On Tuesday, Pope Francis and the Church inaugurated the extraordinary Jubilee of Mercy. It was begun on the Solemnity of Mary's Immaculate Conception, which can be considered the beginning of the Redemption, when God responded to sin with the grace of his mercy and filled Mary's soul with it from the first moment of her life.
This 349-day Jubilee, like every ecclesiastical holy year, is meant not to remain at the periphery of the Church's life but rather to transform -- sometimes subtly, sometimes profoundly and conspicuously -- everything we do as Catholics. It is supposed to flavor our personal, familial and communal prayer, the way we celebrate baptisms, weddings and funerals, the way we mark Advent and Christmas, Lent and Easter and all of the feasts of faith, as well as the way we go about our day to day life. It's meant to be a key by which we unlock anew the mystery of who God is, how he loves us, who we are, and how we're called to love him and others.
Why did Pope Francis think the Church and world needed a Jubilee of Mercy now? Because we're living, he has said, in a "kairos of mercy," a special time in which mercy is needed. He's given St. John Paul II credit for this intuition and John Paul II believed it was a special time of mercy because he thought that one of the greatest crises the human race faces is unexpiated guilt.
After two World Wars and the Cold War, after the Holocaust, after the genocides in Armenia, the Ukraine, Cambodia, Rwanda, Bosnia and Darfur, after so many atrocities from tyrannical governments, after the waterfalls of blood flowing from more than two billion abortions worldwide, after the sins that have destroyed so many families, after so much physical and sexual abuse, after lengthy crime logs in newspapers every day, after the scourge of terrorism, after so much hurt and pain, the terrible weight of collective guilt crushes not only individuals but burdens structures and whole societies.

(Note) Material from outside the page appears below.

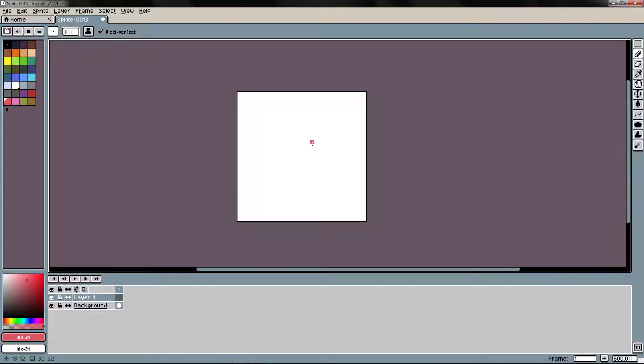Welcome to the Learn to Create Pixel Art with Aseprite course. In this video we are going to take a look at the tile mode in Aseprite.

The modern world is like one big Lady Macbeth, compulsively washing our hands to remove the blood from them, but there is no earthly detergent powerful enough to take the blemishes away. We can converse with psychiatrists and psychologists, but their words and prescriptions can only help us deal with our guilt, not eliminate it. We can confess ourselves to bartenders, but they can only dispense Absolut vodka, not absolution, and inebriation never brings expiation. We can escape reality through distractions and addictions -- drugs, sports, entertainment, materialism, food, power, lust, and others -- but none can adequately anaesthetize the pain in our soul from the suffering we've caused or witnessed.
Whether we admit it, whether we realize it or not, we're longing for redemption. We're yearning for a second, third or seventy-times-seventh chance. We're pining for forgiveness, reconciliation, and a restoration of goodness. We're hankering for a giant reset button for ourselves and for the world. And if we can't have that personal and collective do over, then at least we ache for liberation from the past and, like Zacchaeus or Ebenezer Scrooge, for a chance make up for has been done. We want atonement.
And God responds to our age's great desire and need for expiation with his mercy.
In a homily on the eve of Divine Mercy Sunday this year, Pope Francis explained the reason why he decided to call for a Jubilee of Mercy now.
"Many question in their hearts," he said, "why a Jubilee of Mercy today? Simply because the Church, in this time of great historical change, is called to offer more evident signs of God's presence and closeness. ...This is a time for the Church to rediscover the meaning of the mission entrusted to her by the Lord on the day of Easter: to be a sign and an instrument of the Father's mercy."
He was calling for a Holy Year, he continued, "to welcome the numerous signs of the tenderness that God offers to the whole world and, above all, to those who suffer, who are alone and abandoned, without hope of being pardoned or feeling the Father's love; ... to experience strongly within ourselves the joy of having been found by Jesus, the Good Shepherd who has come in search of us because we were lost; ... to receive the warmth of his love when he bears us upon his shoulders and brings us back to the Father's house; ... [and] to be touched by the Lord Jesus and to be transformed by his mercy, so that we may become witnesses to mercy."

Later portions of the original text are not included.